Hamming Distance Oracle
Itai Boneh, Dvir Fried, Shay Golan, Matan Kraus
TL;DR
This work introduces the Hamming Distance Oracle problem: given strings $S$ and $T$, preprocess them to answer substring HD queries efficiently. It achieves a tunable preprocessing–query-time trade-off using a suffix-based dynamic programming approach, with a core dependence on the time to solve text-to-pattern HD queries, yielding $\tilde{O}(nm/x)$ preprocessing and $O(x)$ query time for constant alphabets, and $\tilde{O}(nm/\sqrt{x})$ preprocessing with the same query time for general alphabets. A central contribution is showing a conditional lower bound under a combinatorial matrix-multiplication conjecture, ruling out faster combinatorial trade-offs for the binary case, and extending the lower bound to the Hamming Distance Oracle via a reduction from Boolean matrix multiplication.

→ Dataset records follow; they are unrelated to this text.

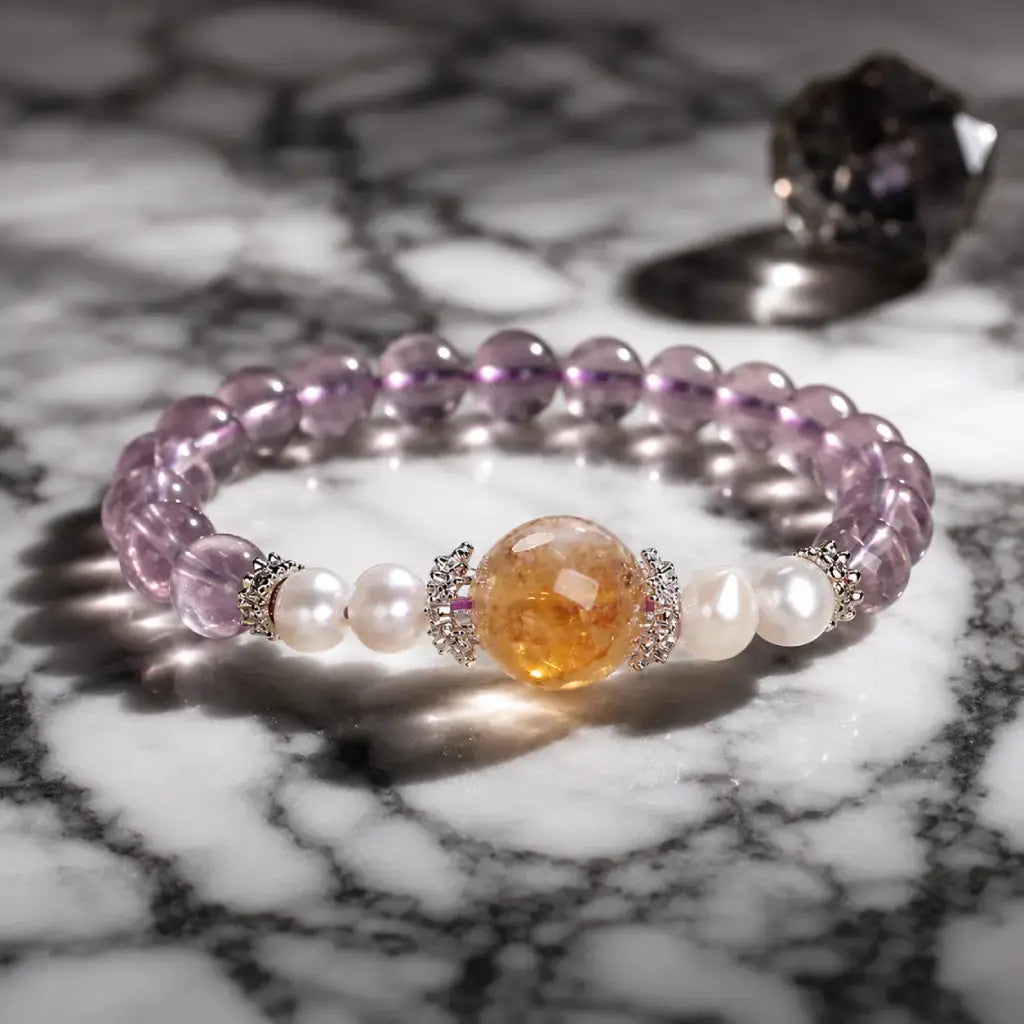 Natural ametrine citrine bracelet with pearl accents and healing crystal beads displayed on elegant marble surface.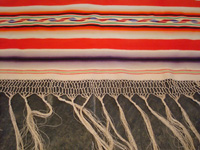 Mexican vintage textiles, and Mexican vintage Saltillo serapes (sarapes), a stunning Saltillo serape with color-hues of soft-red, lilac, purple, green, and soft-yellow, c. 1910-20.  Closeup view of one end of the serape, showing the beautiful fringe.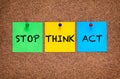 Three blanks post-it notes on corkboard with words Stop, Think, Act Royalty Free Stock Photo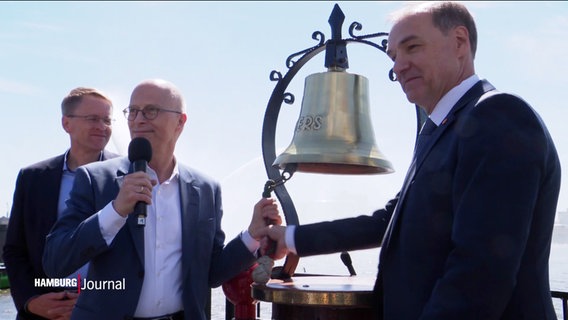 Peter Tschentscer und zwei weitere Männer stehen an einer großen Glocke. © Screenshot 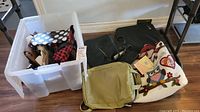 Multiple purses and bags including a clear bin with various purses, a beige textured backpack, black leather purse, and colorful owl-themed tote bag with tags.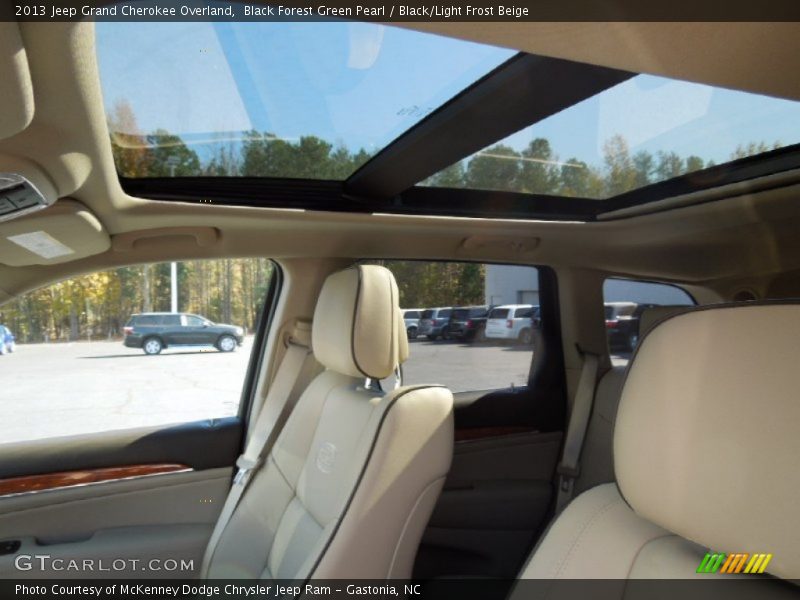Black Forest Green Pearl / Black/Light Frost Beige 2013 Jeep Grand Cherokee Overland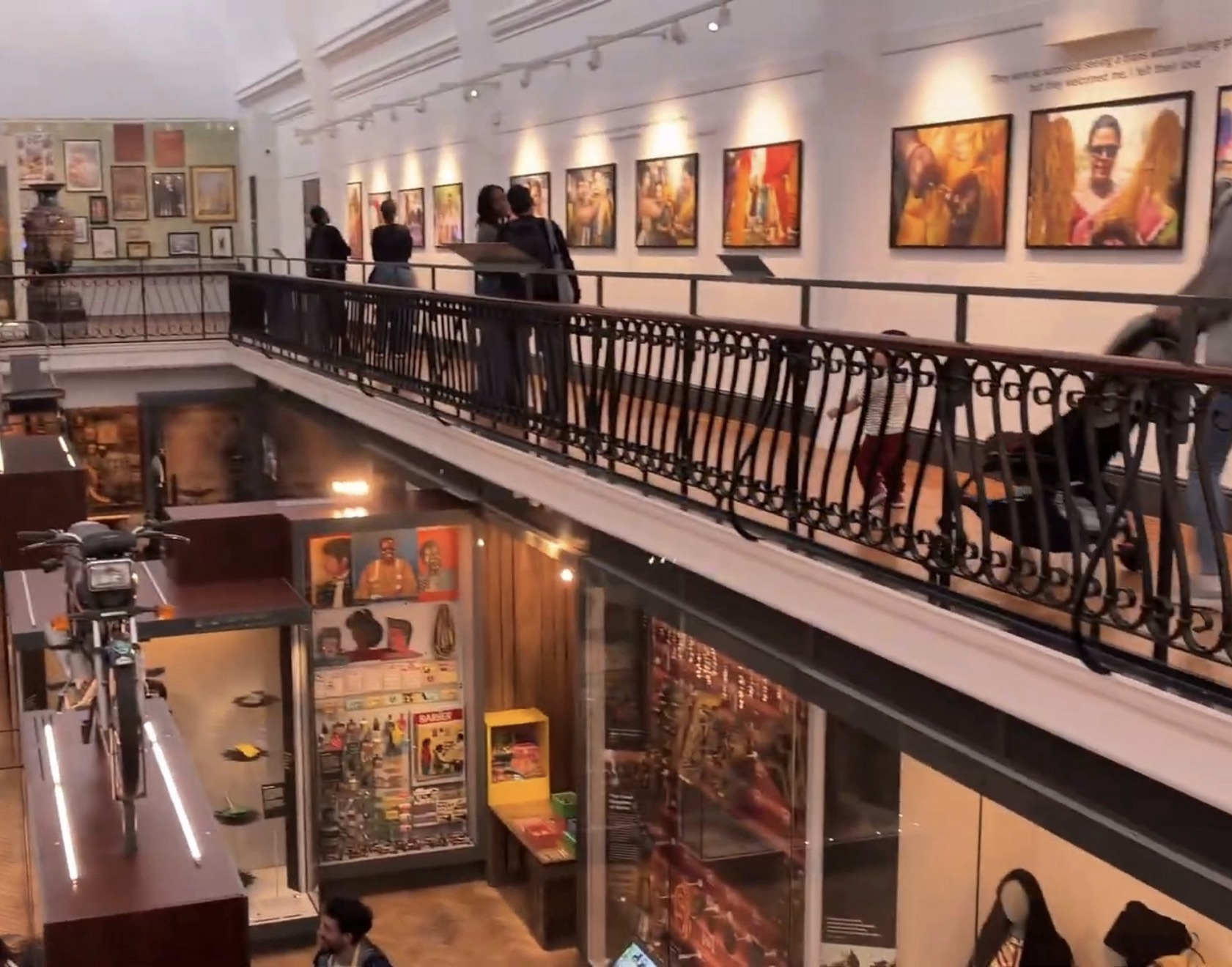Interior of the World Gallery at the Horniman Museum with a balcony, framed portraits and display cases below
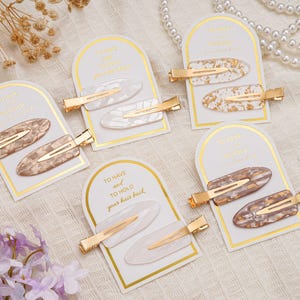 May include: Multiple sets of hair clips are presented. Each set features two oval clips with gold-coloured metal clasps. The clips display a marbled or speckled pattern in shades of white, brown, and gold. The cards read "TO HAVE and TO HOLD your hair back."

The results place near-optimal limits on preprocessing and query-time trade-offs for Hamming distance queries on substrings, and connect the problem to fundamental questions in combinatorial matrix multiplication.
Abstract
In this paper, we present and study the \emph{Hamming distance oracle problem}. In this problem, the task is to preprocess two strings $S$ and $T$ of lengths $n$ and $m$, respectively, to obtain a data-structure that is able to answer queries regarding the Hamming distance between a substring of $S$ and a substring of $T$. For a constant size alphabet strings, we show that for every $x\le nm$ there is a data structure with $\tilde{O}(nm/x)$ preprocess time and $O(x)$ query time. We also provide a combinatorial conditional lower bound, showing that for every $\varepsilon > 0$ and $x \le nm$ there is no data structure with query time $O(x)$ and preprocess time $O((\frac{nm}{x})^{1-\varepsilon})$ unless combinatorial fast matrix multiplication is possible. For strings over general alphabet, we present a data structure with $\tilde{O}(nm/\sqrt{x})$ preprocess time and $O(x)$ query time for every $x \le nm$.